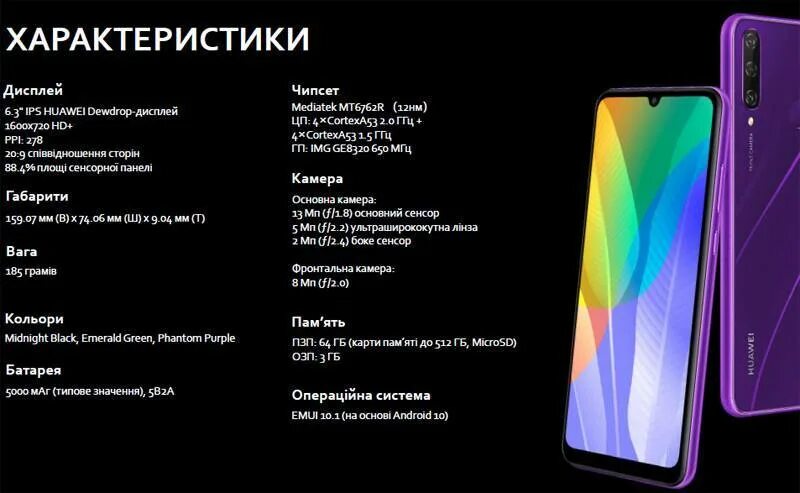 Хуавей y6p. Хуавей y6p 64. Хуавей y6p характеристика. Huawei y6 2020 64gb. Функции телефона huawei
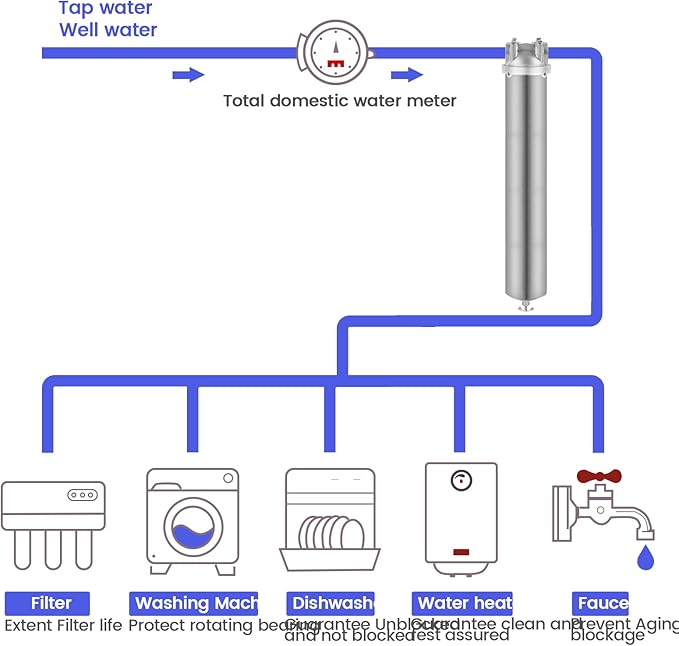 Amwater NSF/ANSI 42 Stainless Steel Whole House Water Filter Housing, 20" x 2.5" Sediment Water Filter System for Heavy Duty, Well & City Water, 1" NPT Port, Drain Valve Style A(Wing)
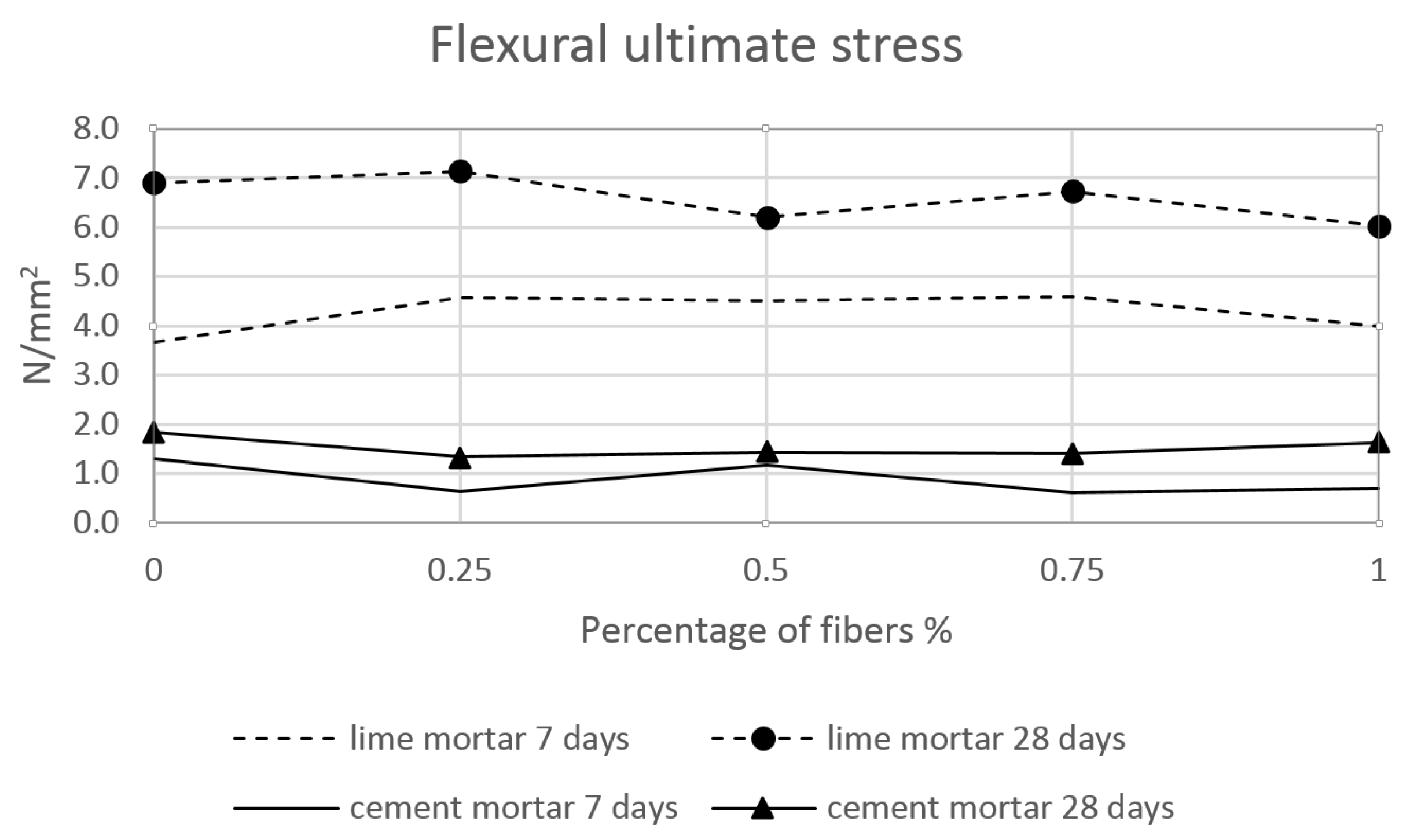 Fibers 04 00007 g009 1024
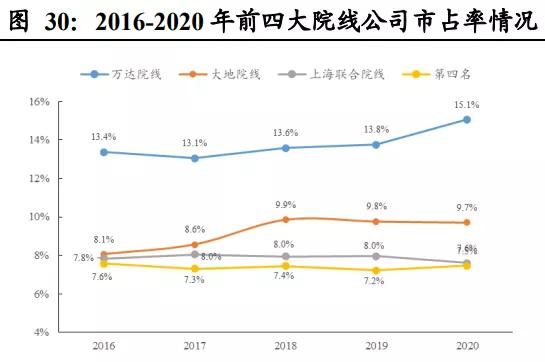 电影院线万达电影,恒大院线与万达电影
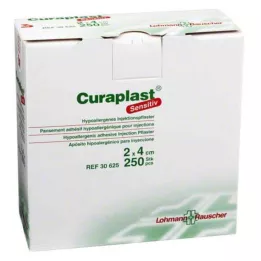 CURAPLAST Gevoelige injectiepleister 2x4 cm, 250 stuks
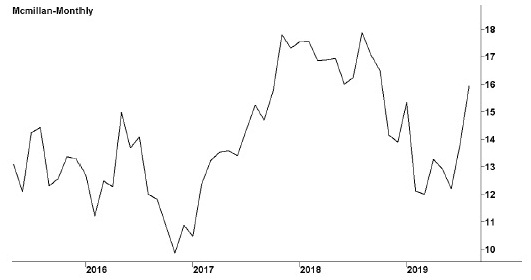 Image shows a line graph with a title “McMillan Shakespeare Limited.” Subtitles below the graph are ASX code: MMS and followed by a website: www.mcms.com.au X-y line graph, in which x-axis shows years (2016--2019) and y-axis shows share values in dollars. The highest peak is seen in the year beyond 2018 and the lowest peak is seen in the year before year 2016. 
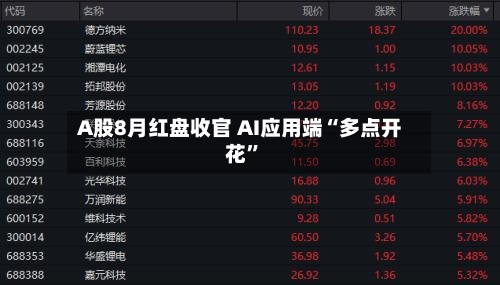 A股8月红盘收官 AI应用端“多点开花	”-第2张图片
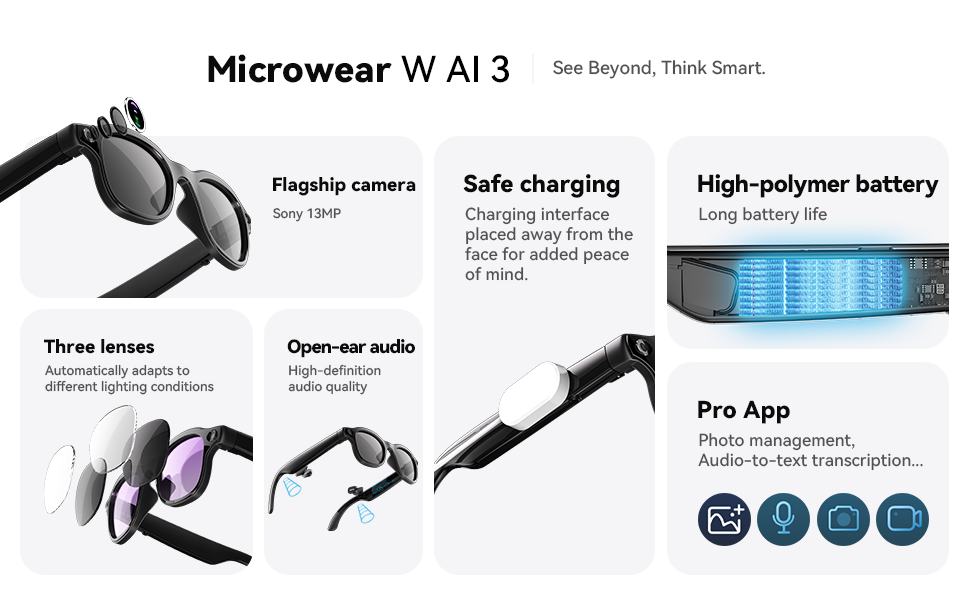 AI Smart Glasses 8 million pix - đánh giá và giá Photography Videos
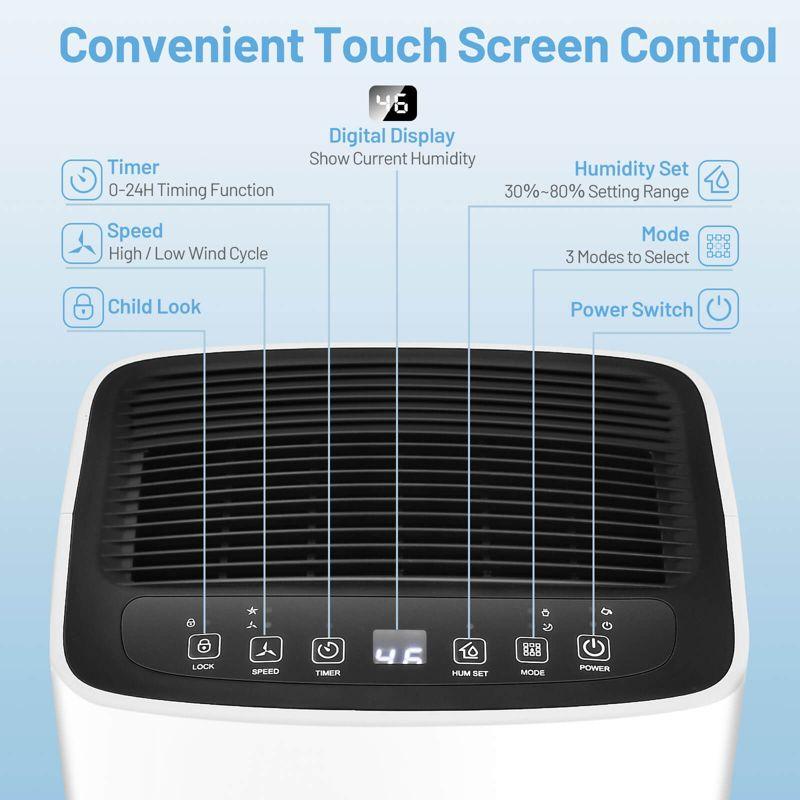 Costway 1500 Sq. Ft Portable 24 Pints Dehumidifier For Medium To Large Spaces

________

- [YOUR TASK]: Omitting all pictures, restate exactly the lines of the material from its start through the line that contains "电影院线万达电影,恒大院线与万达电影".

- [EXERCISE SOLUTION]:
 Хуавей y6p. Хуавей y6p 64. Хуавей y6p характеристика. Huawei y6 2020 64gb. Функции телефона huawei
 Amwater NSF/ANSI 42 Stainless Steel Whole House Water Filter Housing, 20" x 2.5" Sediment Water Filter System for Heavy Duty, Well & City Water, 1" NPT Port, Drain Valve Style A(Wing)
 Fibers 04 00007 g009 1024
 电影院线万达电影,恒大院线与万达电影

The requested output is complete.